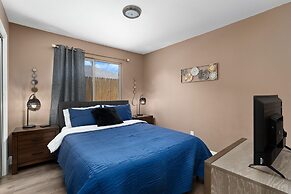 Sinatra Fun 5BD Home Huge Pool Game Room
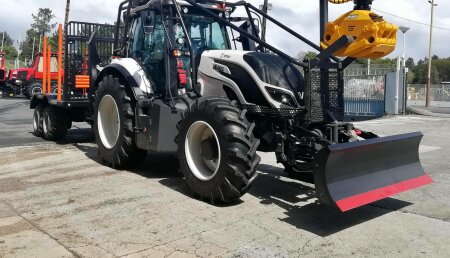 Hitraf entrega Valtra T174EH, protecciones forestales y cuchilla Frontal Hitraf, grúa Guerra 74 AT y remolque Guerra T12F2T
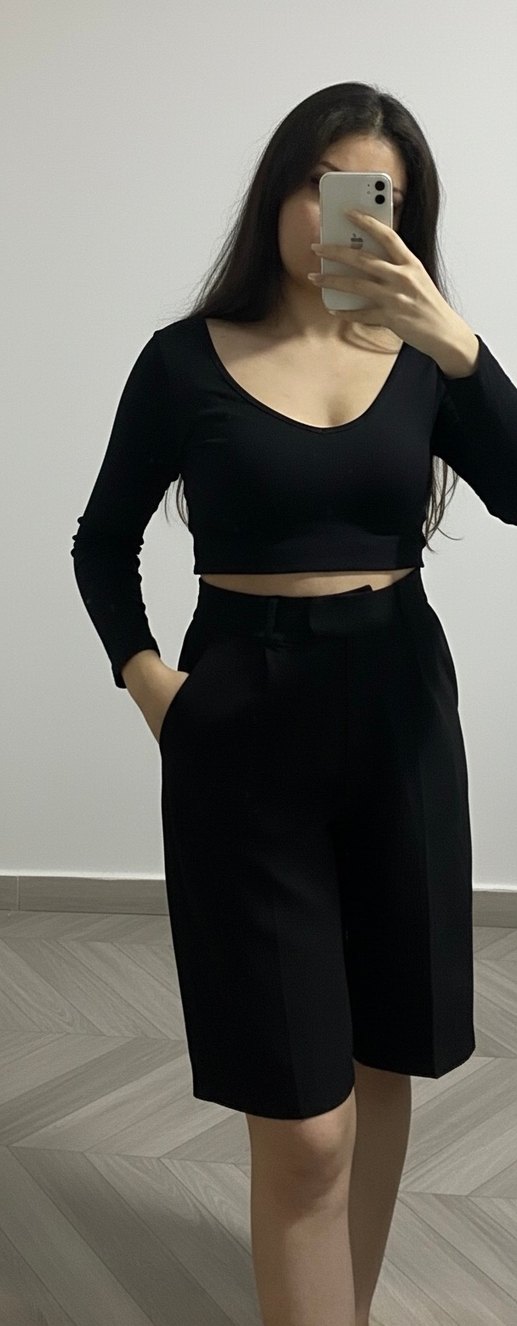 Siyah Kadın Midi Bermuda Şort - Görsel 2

---

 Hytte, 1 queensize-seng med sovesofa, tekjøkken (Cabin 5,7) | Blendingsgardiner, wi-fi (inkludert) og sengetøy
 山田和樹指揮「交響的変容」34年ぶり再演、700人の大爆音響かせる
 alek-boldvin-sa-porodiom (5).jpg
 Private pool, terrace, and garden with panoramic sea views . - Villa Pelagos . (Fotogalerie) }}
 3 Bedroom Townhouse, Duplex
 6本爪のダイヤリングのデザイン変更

- [Problem details]: Go to the line above that contains "Sinatra Fun 5BD Home Huge Pool Game Room" and reproduce everything exactly from there through the line that contains "Siyah Kadın Midi Bermuda Şort - Görsel 2", leaving out the pictures.

- [Solution]:
 Sinatra Fun 5BD Home Huge Pool Game Room
 Hitraf entrega Valtra T174EH, protecciones forestales y cuchilla Frontal Hitraf, grúa Guerra 74 AT y remolque Guerra T12F2T
 Siyah Kadın Midi Bermuda Şort - Görsel 2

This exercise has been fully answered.